[CentOS] Authentication Problems

Wed Feb 16 12:59:16 UTC 2011
David Sommerseth <dazo at users.sourceforge.net>

On 16/02/11 13:28, James Bensley wrote:
> Hi List,
> 
> We have a CentOS VPS running a web site in a DC far away. The chap that
> dev's this site told me he couldn't SFTP in yesterday, his password was
> being rejected (I went to his desk to confirm and saw it was telling him
> the password was incorrect but neither him nor me had changed it and we are
> the only two with access to this VPS). So I logged in as root and reset his
> password, be he still couldn't log in (same problem, claiming the password
> was wrong).
> 
> [root at server ~]# passwd webdevuser
> Changing password for user webdevuser.
> New UNIX password:
> Retype new UNIX password:
> passwd: all authentication tokens updates successfully.
> 
> I tried to SSH in as the web dev user and it wouldn't let me in.
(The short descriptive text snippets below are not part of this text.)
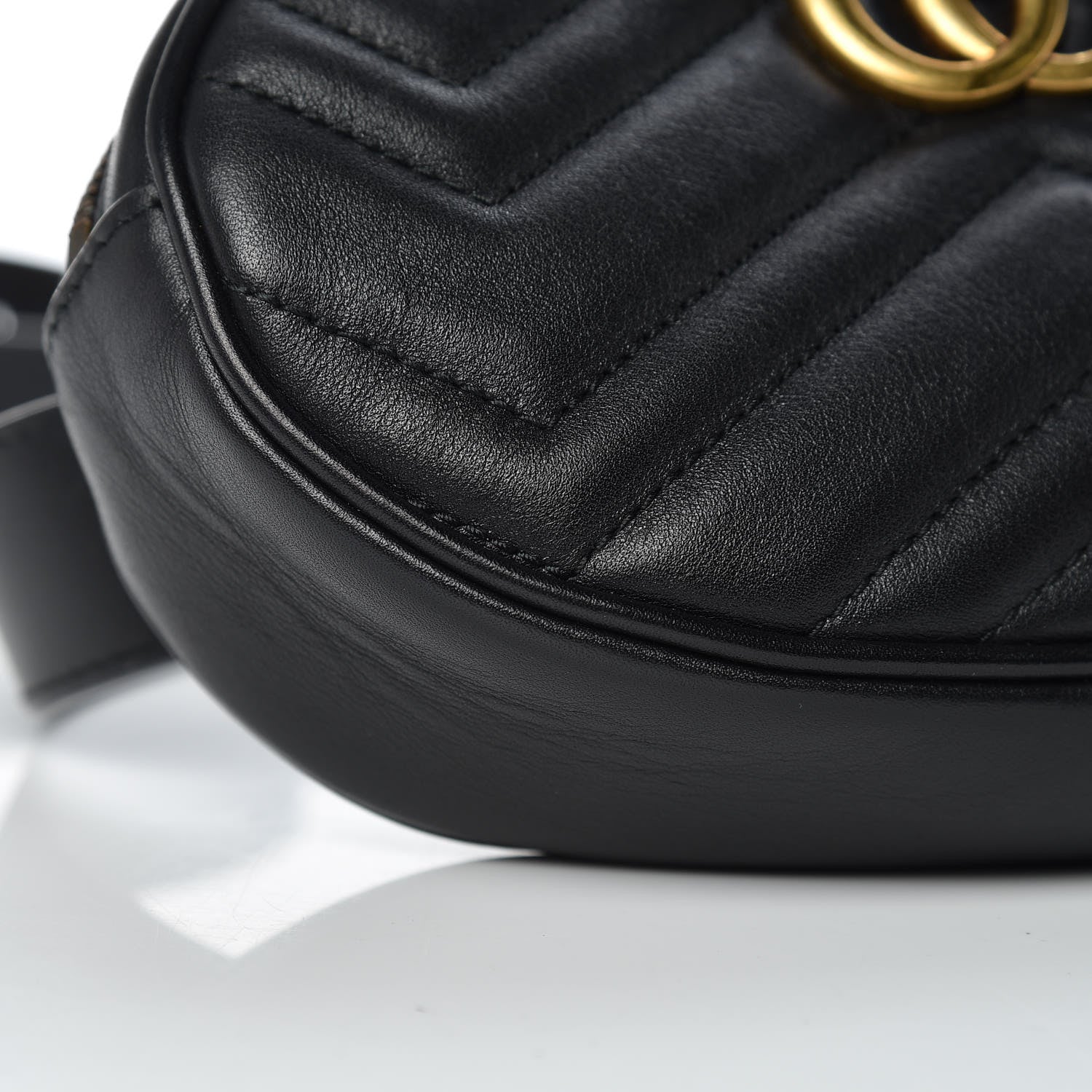 Gucci Calfskin Matelasse GG Marmont Belt Bag 95 38 Black 8 of 10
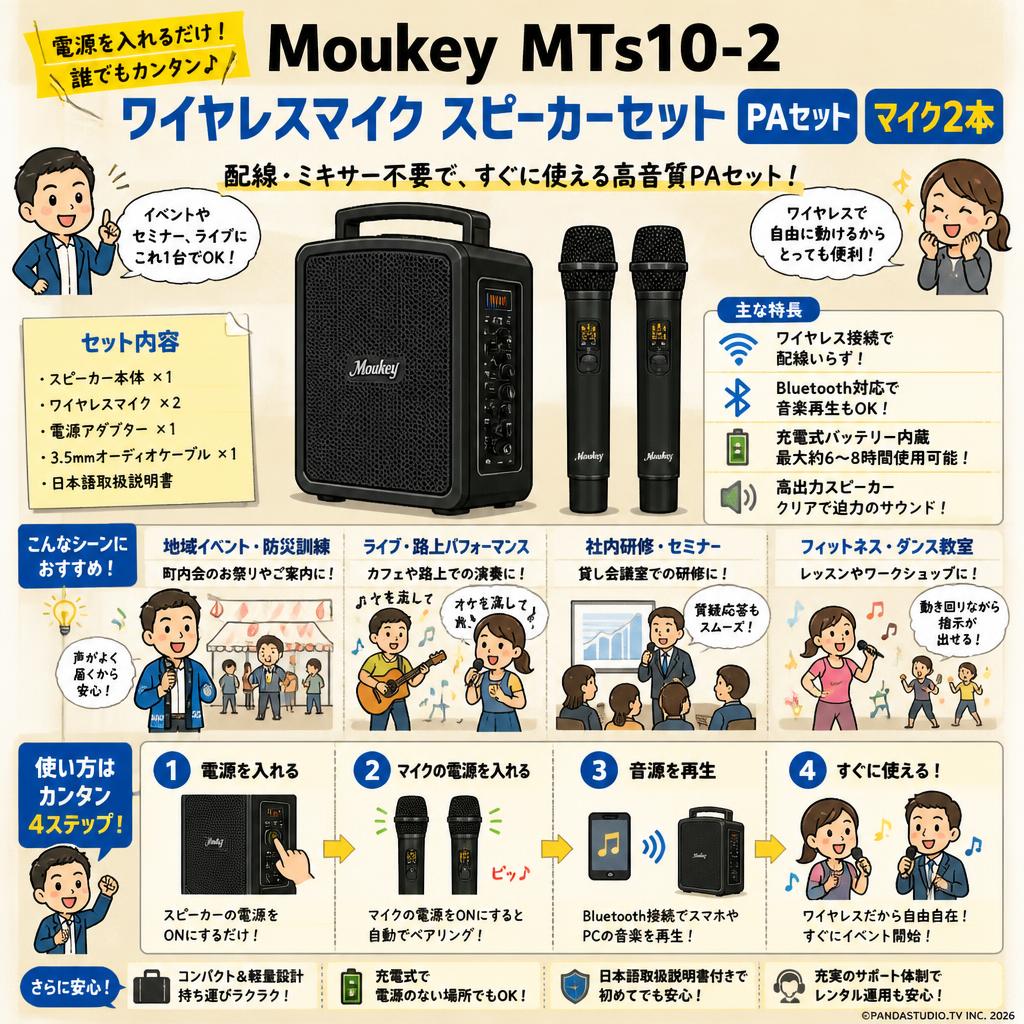 Moukey MTs10-2 ワイヤレスマイク スピーカーセット PAセット マイク2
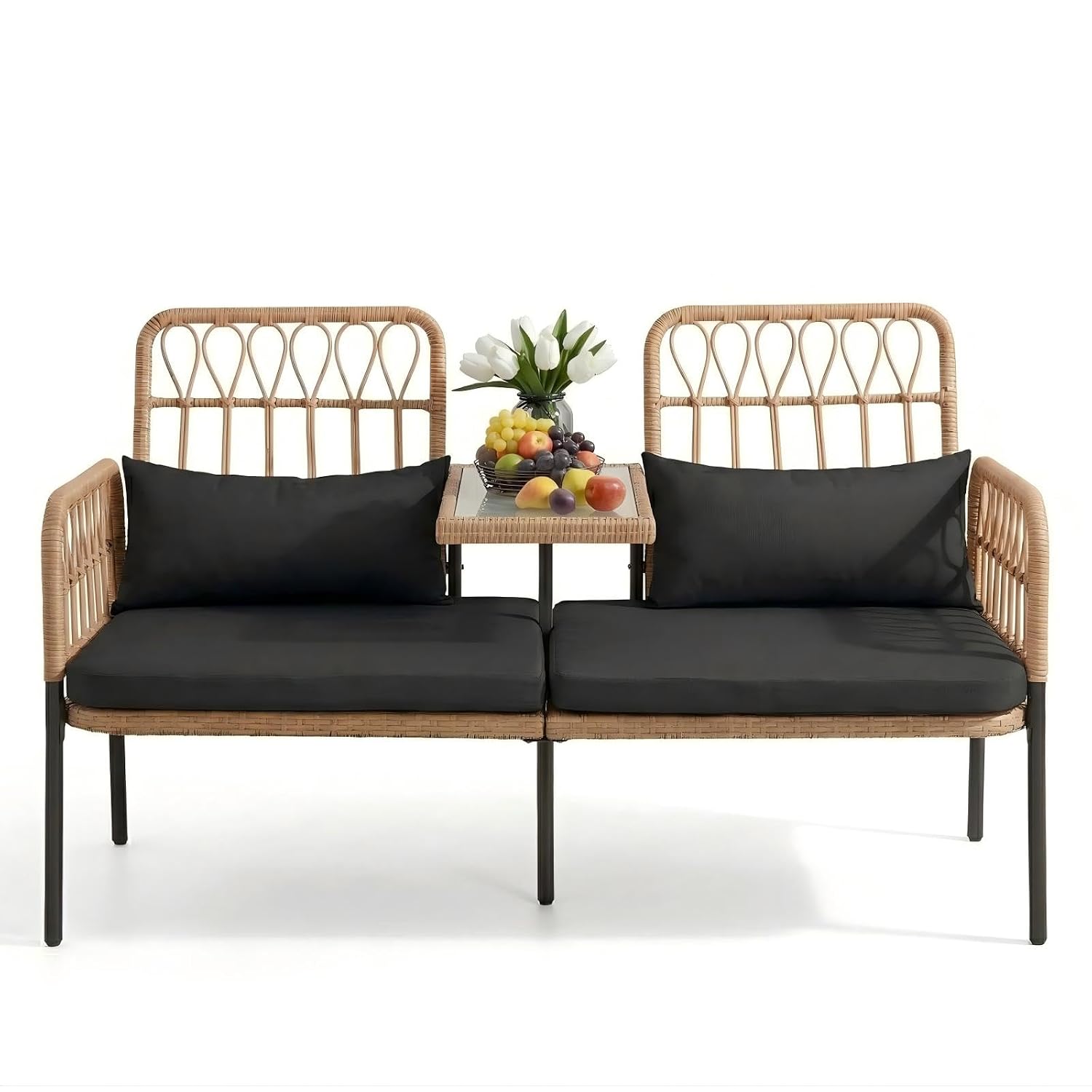 Outdoor Furniture Loveseat - Cam Sehpalı Rattan Çift Kişilik Kanepe,
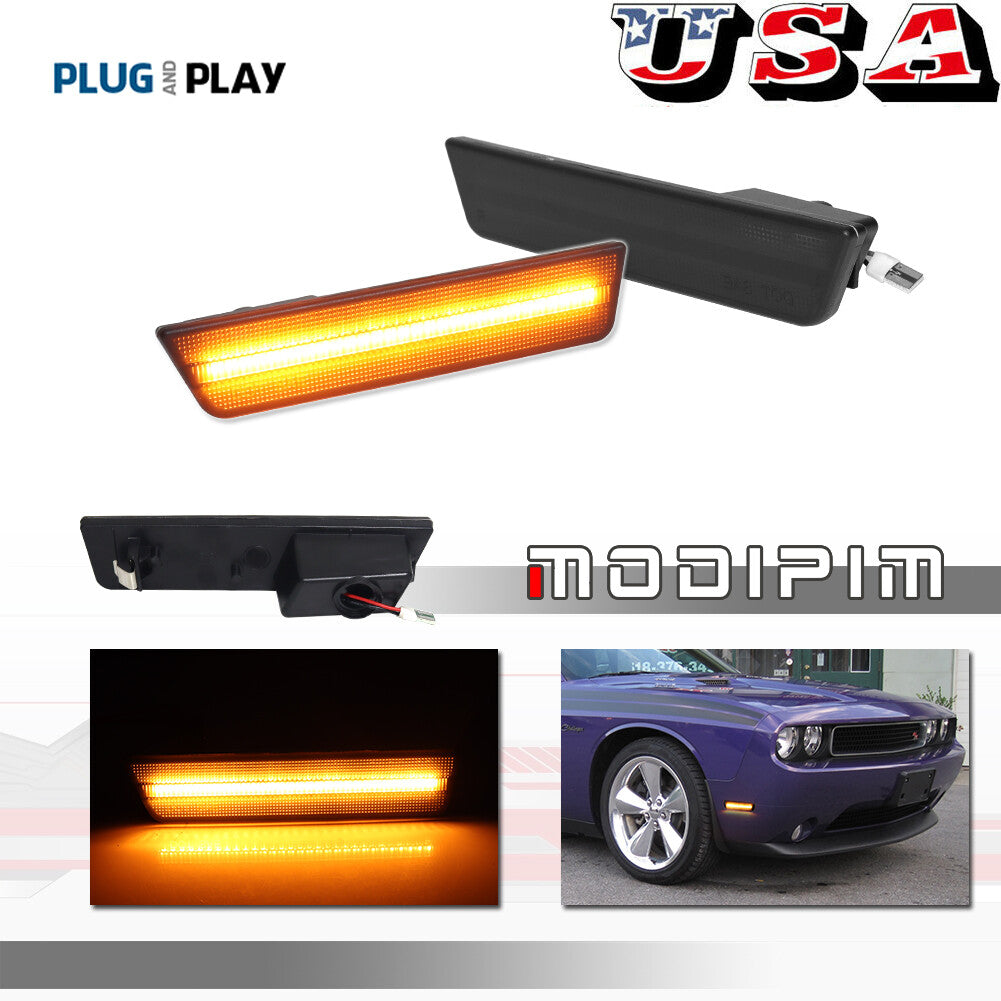 Fit 08-14 for Dodge for Challenger DARKEST SMOKE Amber LED Front Side Marker Lights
Returning
> back to my root console window;
> 
> [root at server ~]# su - webdevuser
> [webdevuser at server ~]# passwd
> Changing password for user webdevuser.
> Changing password for webdevuser.
> (current) UNIX password:
> passwd: Authentication token manipulation error
> 
> Firstly; I am stracthing my head as to why his password was no longer
> working in the first place?
> 
> Secondly; Why I can't reset it?
> 
> Googling around many people suggest there is a discrepancy between the
> /etc/passwd and /etc/shadow files and by deleting /etc/shadow and using
> pwconv to recreate shadow and the same for /etc/groups, deleting gshadow
> recreating it with grpconv will solve the problem but I still can't login
> as the web dev user.
> 
> Any ideas anyone?

- Could the account have become locked somehow?  (passwd -u $user)  Or
could the account have become expired?

- Are the permissions strict on the users ~/.ssh?  (0700 on the directory,
and 0600 on any files inside that directory - like authorized_keys ...)

- Is SELinux in Enforced mode and are the SELinux file context correct on
/home?  (restorecon -rv /home)


Also double check /var/log/messages, /var/log/secure and
/var/log/audit/audit.log carefully when trying to log in as that user.